• DIRECTIONS: Every record that follows must be duplicated exactly, with images left out.

————————

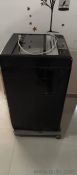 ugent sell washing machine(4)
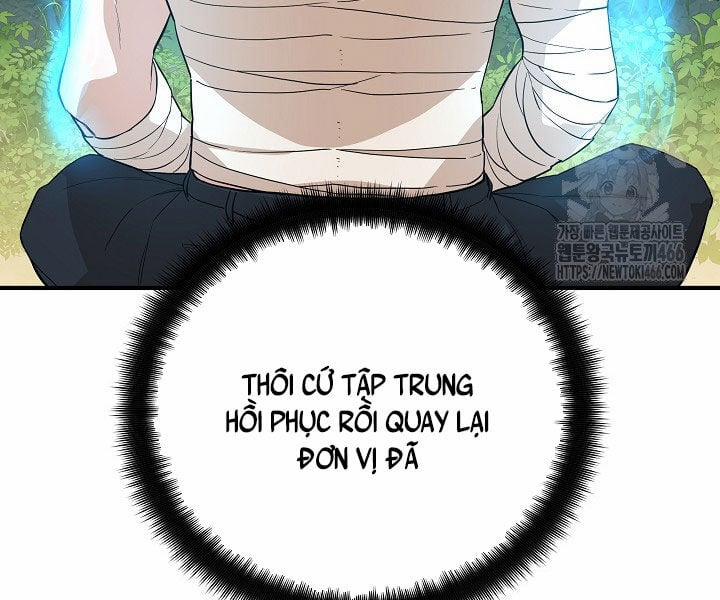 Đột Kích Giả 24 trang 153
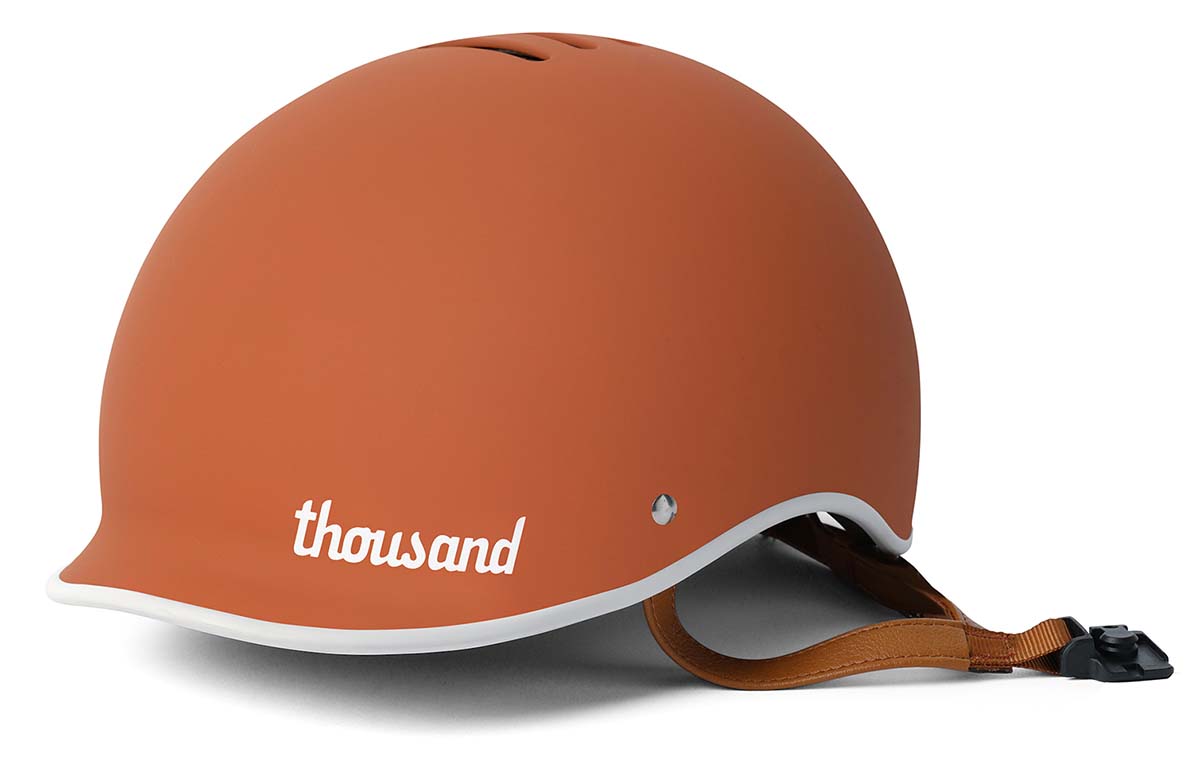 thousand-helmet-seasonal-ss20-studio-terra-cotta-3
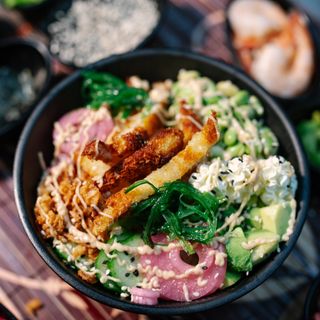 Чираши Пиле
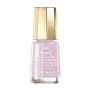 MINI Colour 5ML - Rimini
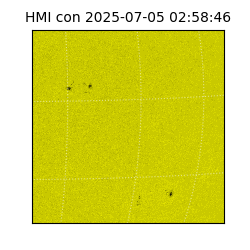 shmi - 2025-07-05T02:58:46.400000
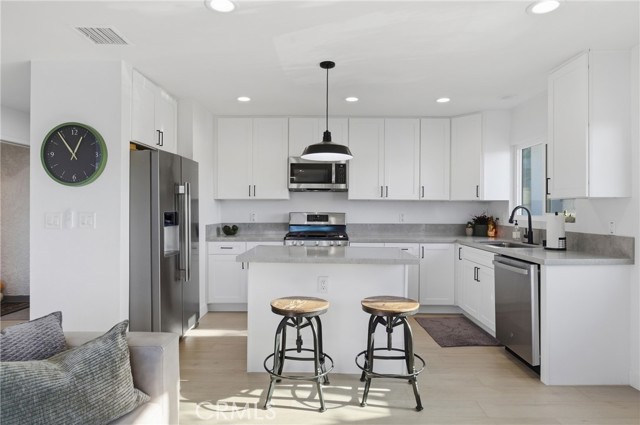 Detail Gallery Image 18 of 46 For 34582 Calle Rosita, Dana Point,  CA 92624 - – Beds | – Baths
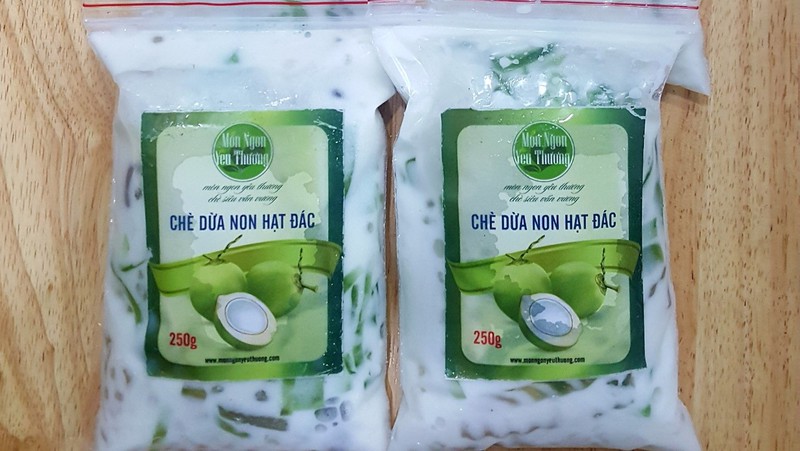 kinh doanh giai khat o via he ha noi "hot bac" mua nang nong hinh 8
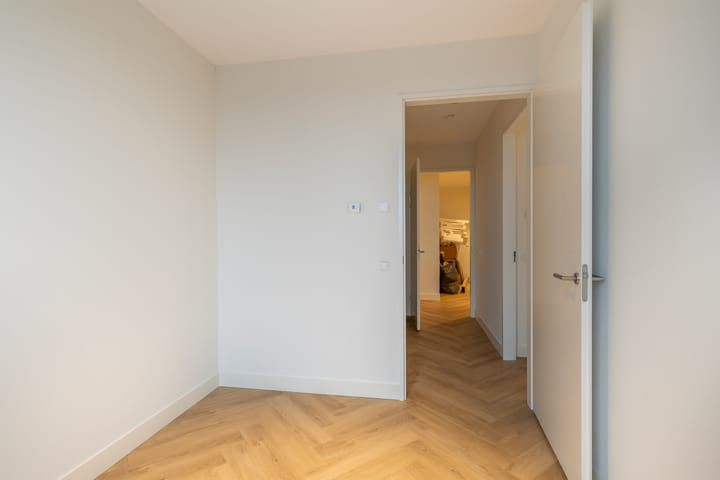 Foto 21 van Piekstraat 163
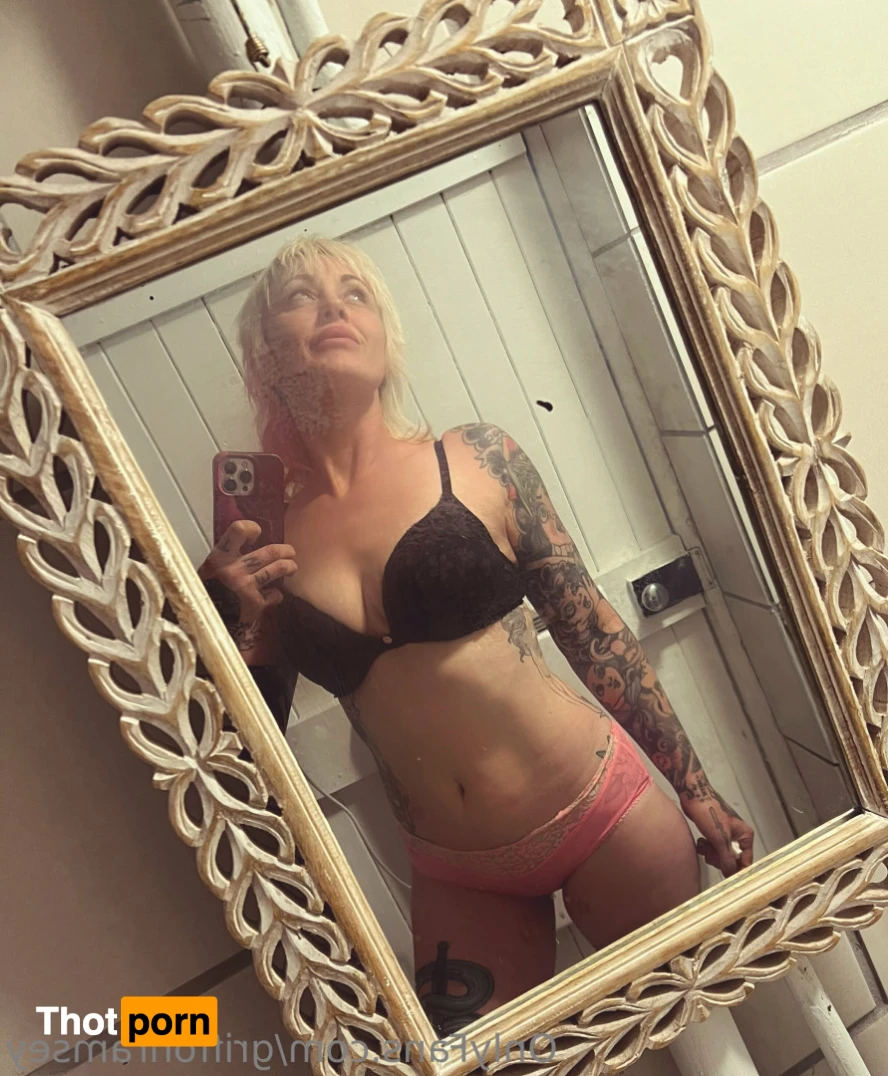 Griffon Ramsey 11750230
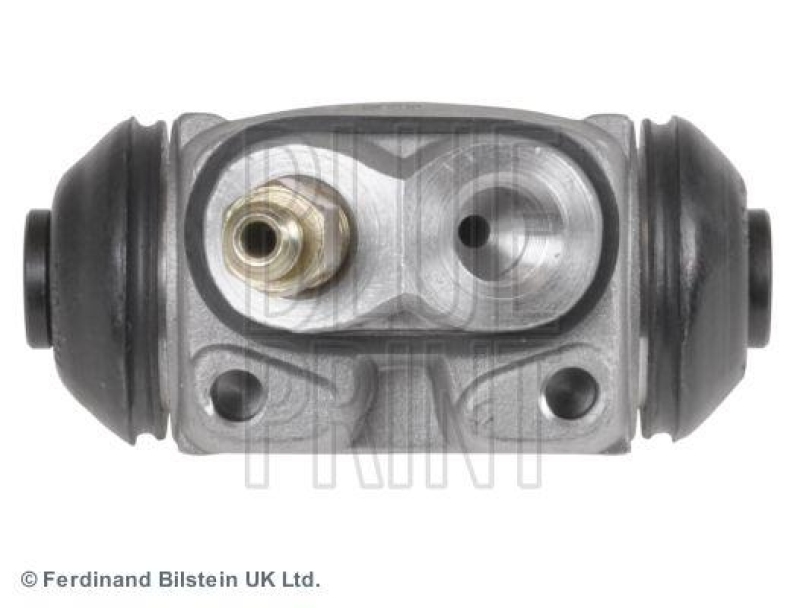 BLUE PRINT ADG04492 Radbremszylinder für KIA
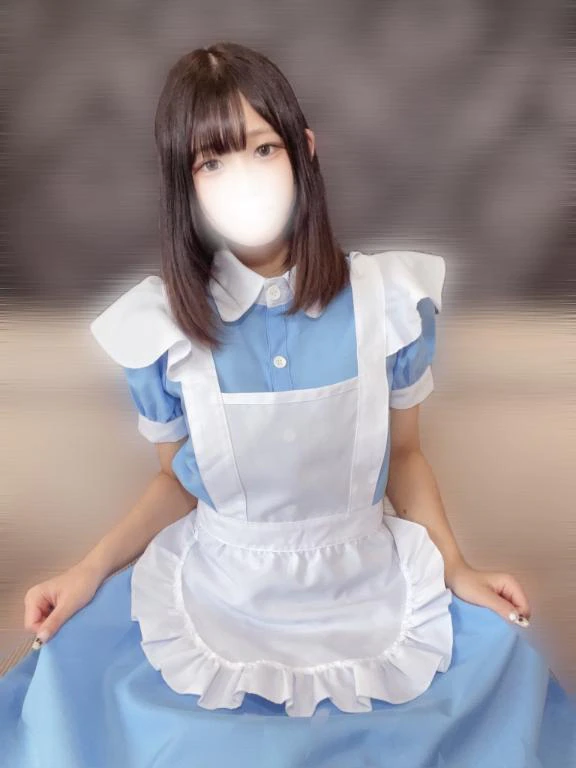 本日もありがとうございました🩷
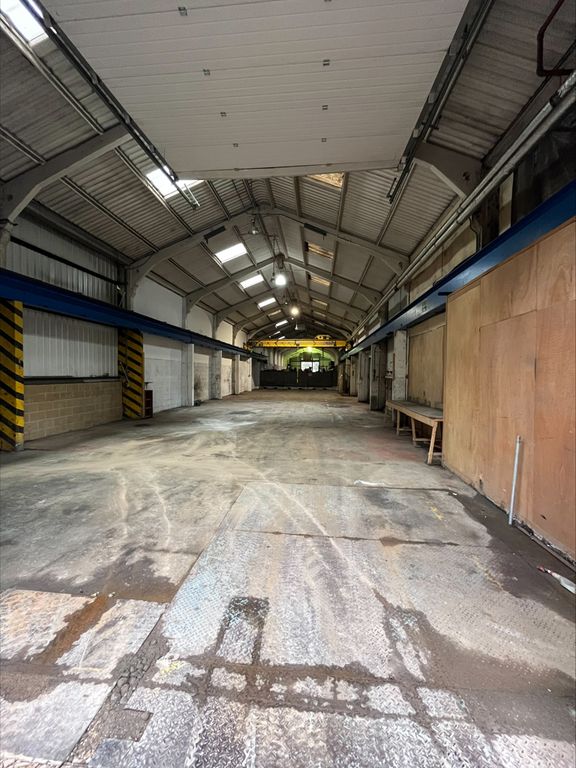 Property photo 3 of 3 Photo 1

————————

• COMPLETED EXERCISE:
 ugent sell washing machine(4)
 Đột Kích Giả 24 trang 153
 thousand-helmet-seasonal-ss20-studio-terra-cotta-3
 Чираши Пиле
 MINI Colour 5ML - Rimini
 shmi - 2025-07-05T02:58:46.400000
 Detail Gallery Image 18 of 46 For 34582 Calle Rosita, Dana Point,  CA 92624 - – Beds | – Baths
 kinh doanh giai khat o via he ha noi "hot bac" mua nang nong hinh 8
 Foto 21 van Piekstraat 163
 Griffon Ramsey 11750230
 BLUE PRINT ADG04492 Radbremszylinder für KIA
 本日もありがとうございました🩷
 Property photo 3 of 3 Photo 1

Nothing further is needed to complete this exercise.